La voce della politica
Il ministero delle Politiche agricole sta affrontando la questione ambientale con la Strategia
nazionale per la nuova Pac. In che modo la politica nazionale potrà incentivare la transizione a una
zootecnia più sostenibile? “La domanda alla quale bisogna rispondere è ‘cosa si intende per
sostenibilità?’.
Un trattore fermo non inquina ma non produce né reddito né cibo. Dobbiamo far sì
che le imprese agricole, comprese quelle zootecniche, facciano ‘la scelta giusta’. È necessario
partire, pertanto, dalla misurazione della sostenibilità, oggi possibile: da un lato calcolando
l’impronta ecologica della propria impresa (che solo in agricoltura, tra tutte le attività umane, può
essere ‘zero’ o persino ‘positiva’), dall’altro il rating degli investimenti che, attraverso
l’innovazione tecnologica, possono anche migliorare il proprio impatto ambientale”. In zootecnica,
ad esempio, si può stoccare la CO2 grazie alla realizzazione di un impianto a biometano”, risponde
Filippo Gallinella, presidente della Commissione Agricoltura alla Camera dei Deputati.

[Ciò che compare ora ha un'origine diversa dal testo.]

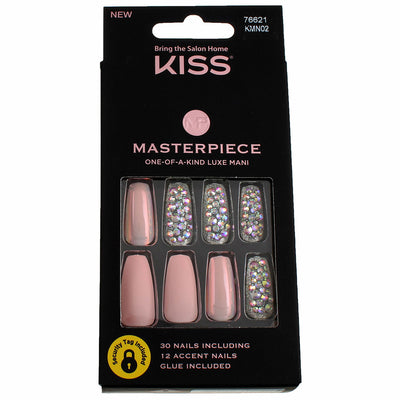KISS Masterpiece False Nails, Luxe Mani, Glitter and Pink, 30 Ct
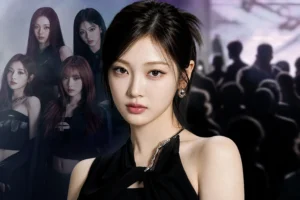 K-pop idol stage microphone representing aespa NingNing's comments on idol image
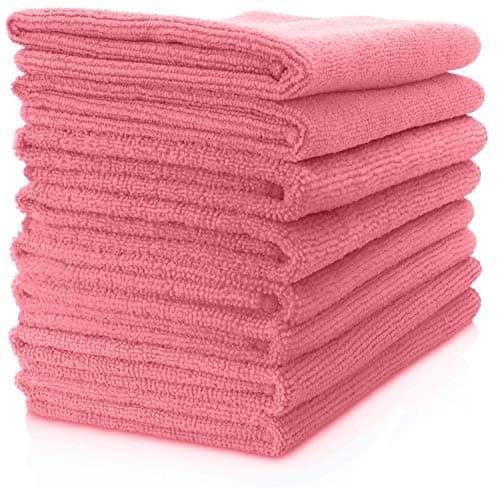 Image of DURACLEAN® Microfibre Cleaning Cloths, 38x40cm, Pack of 10, Super Absorbent, Commercial Grade Cloths. (Pink)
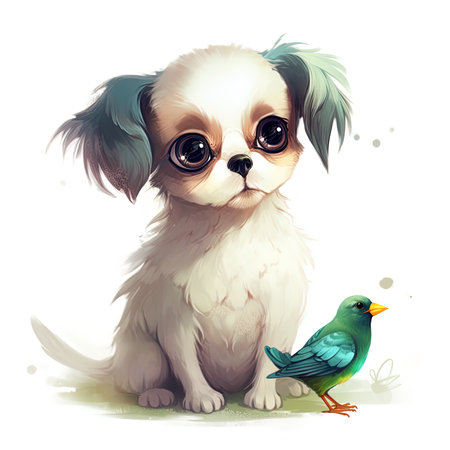 Little chihuahua with a green bird. Vector illustration.の素材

“Da tre anni – continua – approfondisco queste tematiche con seminari e convegni; l’approvazione
del mio emendamento al Decreto Rilancio che prevede la possibilità di un marchio per la zootecnica
di qualità, sostenibile e meno impattante è uno dei risultati raggiunti. Con il Piano Strategico della
nuova Pac possiamo fare scelte molto importanti per la nostra zootecnia, aumentandone la
produttività, che ci vede carenti, pur rimanendo in linea con gli obiettivi ambientali. Tra le opzioni
degli eco-schemi vi è quella di pagare l’agricoltura di montagna con cui possiamo
contemporaneamente ripopolare le aree rurali, presidiare il territorio e dare vita ad una zootecnia sostenibile. Ovviamente sono messaggi da veicolare ai consumatori proprio attraverso il marchio
per un sistema di qualità incentrato sulla sostenibilità”, conclude Gallinella.